My understanding is that pre exposure is more of a technique to support shadow detail. Typically, you would expose (some folks use a styrofoam cup over the lens) at about Zone I or II. The logic is that it makes the most difference to the shadow areas and does not affect the highlights too much. The basic logic is exactly similar to pre flashing printing paper to hold highlight detail - you sort of bring the emulsion up to the speed point. I've never done color using this technique, so I fear my experience might not help too much, but here goes...

4.5(Zone III) 9(IV) 18(middle gray) 36(VI) 72(VII)

The basic logic is that if you add about 2 units of light, your Zone III now shifts to about (6.5) Zone III1/2, Zone IV will be about (11) Zone IV1/4, while Zone VII will show very little shift. Importantly, Zone II (which was originally putting 2.25 units of light on film) will be pretty much at Zone III now (since it's putting 2.25 + 2=4.25 units of light on film).

A couple of concerns with transparency film: Highlights are typically quite critical with transparency film. And you are adding some additional light to the highlight end - in other words, if you've placed a highlight at the edge of film, you run the risk of losing it. I would give myself an extra margin of safety on the highlight end with this technique.
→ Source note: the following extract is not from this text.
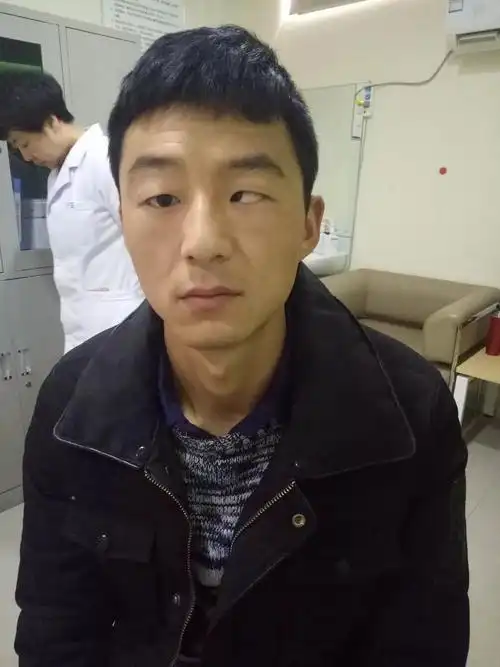 做了斜视手术再也不愁娶不到儿媳妇了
Also, transparency film has a pretty steep characteristic curve - so I'm guessing you might see larger tonal shifts at the lower end.

If you wanted to hold a longer subject reflectance range, try rating your film a little slower and then pulling your first development. So rating Velvia at 40 or slower and adjusting development appropriately might help. Alternatively, switch to a less contrasty transparency film like Astia or switch to negative film. There's probably a lower bound to how much you can pull the film (thanks to color shifts), but I would guess that long before that, you'll hit unacceptable loss of local contrast.

If you want to find out exactly how many stops of additional reflectance you can handle, I'm guessing you will need to work with the characteristic curve of the film. Look at the log exposure value for the normal processing curve near the toe and shoulder of the film and calculate the difference (each 0.3 corresponds to a stop). Now look at the similar points on the pulled curve (i.e., the one rated at 40 and given N-1/3 processing). A look at the toe and shoulder log exposure difference should tell you how much you can hold.